I gave this show the acid test on Thursday night.

After a bunch of really long days and correspondingly short nights, I could easily have opted to just postpone this opening night, go straight home and crawl into bed.But what better show than "Sword of Zorro" for a chance to catch up on some ZZZZZZZs?

I couldn't fall asleep during this DSP revival, however. I needed to stay alert just in case there were any reportable accidents to compare to the side- . . . er, pants-splitting curtain call that befell Shawn Maxfield when he played Zorro six years ago.

No such show-stoppers this time, although there was one minor glitch late in Act One involving a reluctant piece of scenery.

As usual, the DSP cast, a mix of familiar faces and a few newcomers, blends equal parts of high energy and acting/singing talent.

Chandler Bishop, a recent Southern Utah University student, is making his DSP debut as the two-faced Don Diego/Zorro - cowardly and wimpish in public, but secretly the dashing hero.

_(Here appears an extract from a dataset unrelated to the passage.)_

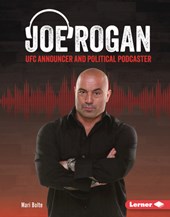 Joe Rogan: Ufc Announcer and Political Podcaster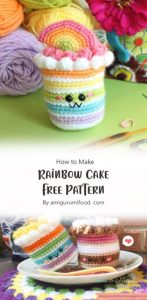 Amigurumi Delicious Rainbow Cake Free Crochet Pattern Ideas ...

He's up against the cunning and evil El Capitan Ramon (Jack Drayton), who considers the people in Capistrano merely stupido.

Jumping into the fray are bumbling Sgt. Garcia (Norman E. Plate), Ramon's less than bright henchman; Don Diego/Zorro's quiet (but very funny) sidekick, Bernardo, played by Jerry Rapier, who also does a nice turn as peasant Pedro, and K.C. Eldridge as elderly, rebellious Senor Santiago.

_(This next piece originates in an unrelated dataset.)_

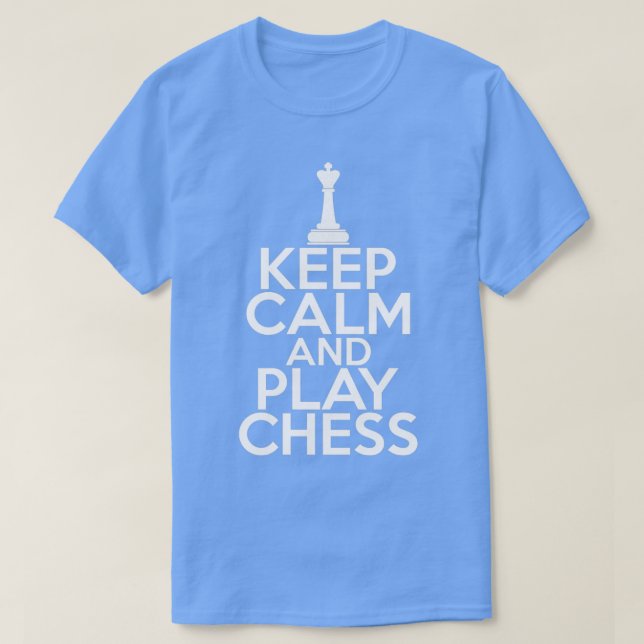 Keep Calm And Play Chess Figure King Funny  T-Shirt (Design Front)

A trio of lovely senoritas - Estrella Santiago (who's hot for Zorro), Marguerite, her feisty best friend, and Isabella, anxious to get back home to Madrid - are well played by Danielle Gutierrez Matheson, Mary Jo Eisenbraun and Gayle Hayes, respectively.

With her flashing Spanish eyes and ethnic lineage, Matheson gave the show a shot of Latin-tempered energy, combined with comedy reminiscent of Carmen Miranda.

The familiar hallmarks of DSP's productions - pun-filled dialogue and fast-paced musical numbers - are in plentiful supply in "Zorro."

Ramon's alleged condolences to Don Diego over the suspicious death of his father: "I'm sorry about the loss of your extinguished . . . er, distinguished father."

One of the funniest segments was Zorro's first attempt at disguising himself - with a scarf minus holes for his eyes. He used his sword like a blind man's cane to feel his way around the stage.

The swordplay itself, choreographed by Tobin E. Atkinson, was first-rate, even with a flair that leaned more toward Laurel & Hardy than Fairbanks & Flynn.

Edward J. Gryska's expert direction, Sue Talmage's music, Seven Nielsen's scenery, Ruth Todd's costumes and Todd Mangiapia's lighting were superb.

Norman E. Plate credits Beth Bruner with assisting him in adapting and updating Peter VanSlyke's script - but I suspect Charro had a hand in it, too.

The post-show olios, an energetic "Clap Yo' Hands!" revue, was directed and choreographed by Joy Davis. It was a rapid-fire collection of great Broadway tunes, including the seldom-heard "Stereophonic Sound" from "Silk Stockings," Norman Plate's hilarious rendition of "You're the Top" and a stageful of others.

"Abba Dabba Honeymoon" had Eldridge and Plate running through the audience in gorilla costumes.